Our struggle the past few days has been with dehydration. Peter thinks he’s drinking enough, but we need to start measuring. Yesterday the radiation tech noticed something about Peter that made her think he was dehydrated, so we went to the cancer center and sure enough, he needed IV fluids. He felt better almost immediately.
He’s trying harder now to eat. He just finished a McDonald’s hamburger and a smoothie, so if we can get some more fluids down him today, he should be OK for the day.
The twice-weekly trips to the dialysis clinic for Epogen continue; “epo”, as it’s called, is a hormone made by the kidneys which helps bone marrow make red blood cells, and so people with busted kidneys often have problems with low hemoglobin. Frequent blood tests will tell his nephrologist how well dialysis is working or what aspect of his current treatment might need tweaking; that’s one good thing about peritoneal dialysis – there are lots of ways to tweak it.
It was nice having Lis with us over the weekend. She brought a carrot/sweet potato soup that is out of this world, and she pureed some for Peter. Sometimes it seems as if Peter’s throat has been burned by the radiation, if that’s possible, and he can’t tolerate foods that are too hot or too cold or too crumbly. No more English muffins, he says.

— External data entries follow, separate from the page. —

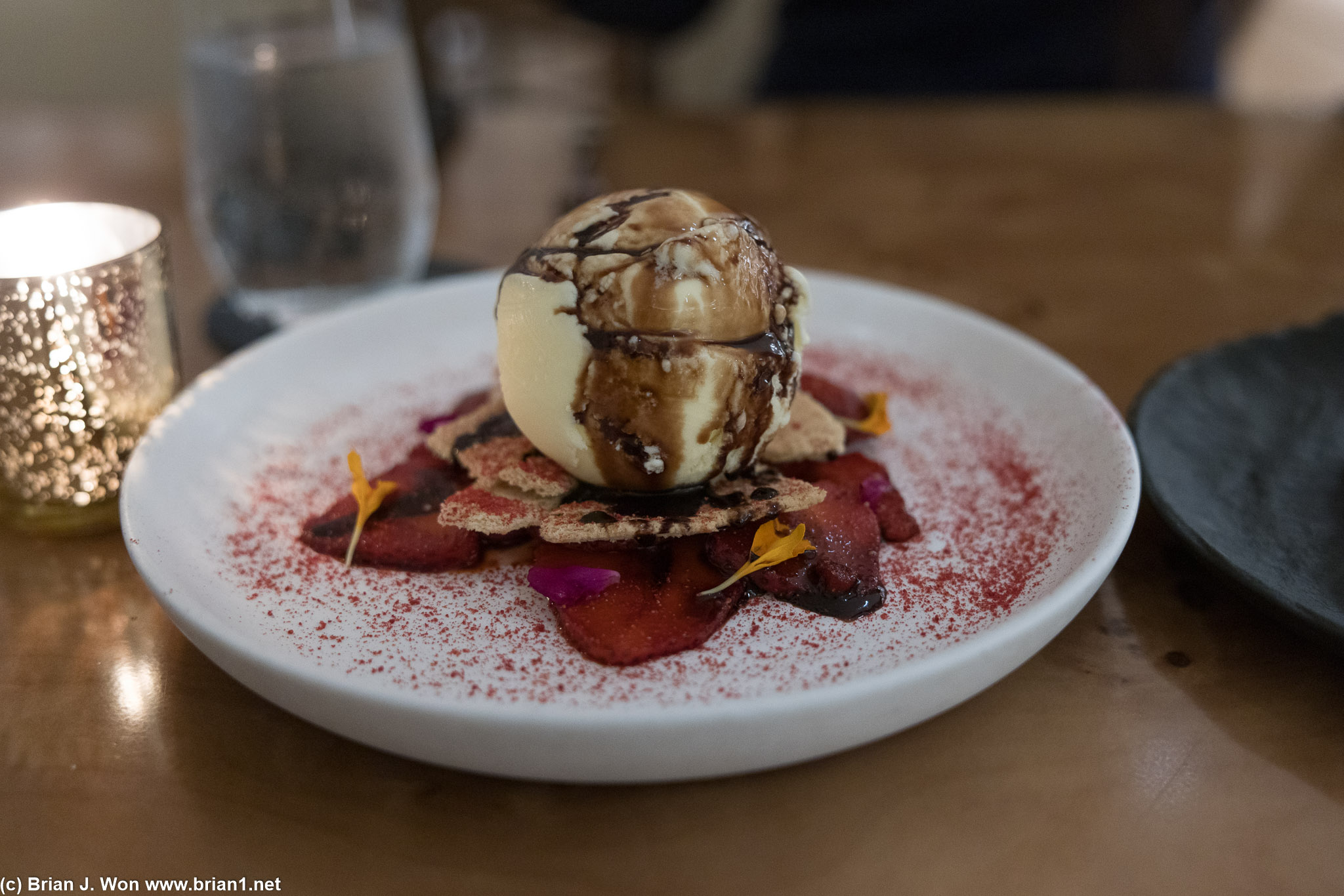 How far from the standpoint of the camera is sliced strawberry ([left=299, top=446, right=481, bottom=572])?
0.87m

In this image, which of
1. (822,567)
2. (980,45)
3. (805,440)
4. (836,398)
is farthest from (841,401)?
(980,45)

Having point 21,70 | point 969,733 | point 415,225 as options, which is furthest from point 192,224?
point 21,70

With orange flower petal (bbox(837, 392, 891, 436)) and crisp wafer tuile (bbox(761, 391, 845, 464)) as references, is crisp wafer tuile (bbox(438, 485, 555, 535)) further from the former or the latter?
orange flower petal (bbox(837, 392, 891, 436))

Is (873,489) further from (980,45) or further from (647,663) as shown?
(980,45)

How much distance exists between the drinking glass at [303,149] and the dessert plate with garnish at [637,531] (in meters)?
0.35

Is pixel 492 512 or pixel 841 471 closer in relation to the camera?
pixel 492 512

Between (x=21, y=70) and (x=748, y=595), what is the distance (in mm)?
4123

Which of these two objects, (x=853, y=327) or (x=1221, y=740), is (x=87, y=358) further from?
(x=1221, y=740)

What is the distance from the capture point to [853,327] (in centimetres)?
133

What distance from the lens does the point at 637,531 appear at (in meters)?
0.81

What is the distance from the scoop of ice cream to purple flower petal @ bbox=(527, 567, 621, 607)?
122 millimetres

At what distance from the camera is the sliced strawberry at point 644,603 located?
0.75 metres

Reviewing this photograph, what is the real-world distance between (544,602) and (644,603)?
0.29 feet

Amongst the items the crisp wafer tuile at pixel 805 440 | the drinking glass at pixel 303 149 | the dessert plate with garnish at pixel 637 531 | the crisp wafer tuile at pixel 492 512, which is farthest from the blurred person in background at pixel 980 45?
the crisp wafer tuile at pixel 492 512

His motor skills seem to be improving and he needs little or no help with buttons and shoelaces now.
Our friends Mary and Panos from Charleston are coming for a visit this weekend. We haven’t seen them since they accompanied us to Durham in December, when Peter was admitted for his suspected brain abscess. In spite of the hard time he’s having with the chemo and radiation, I think he’s in much better shape now than he was then and we hope they think so, too.
So long for now. Some inconsiderate person must have broken into my house and dirtied every dish and utensil I own, but they left the washing-up to me, it seems!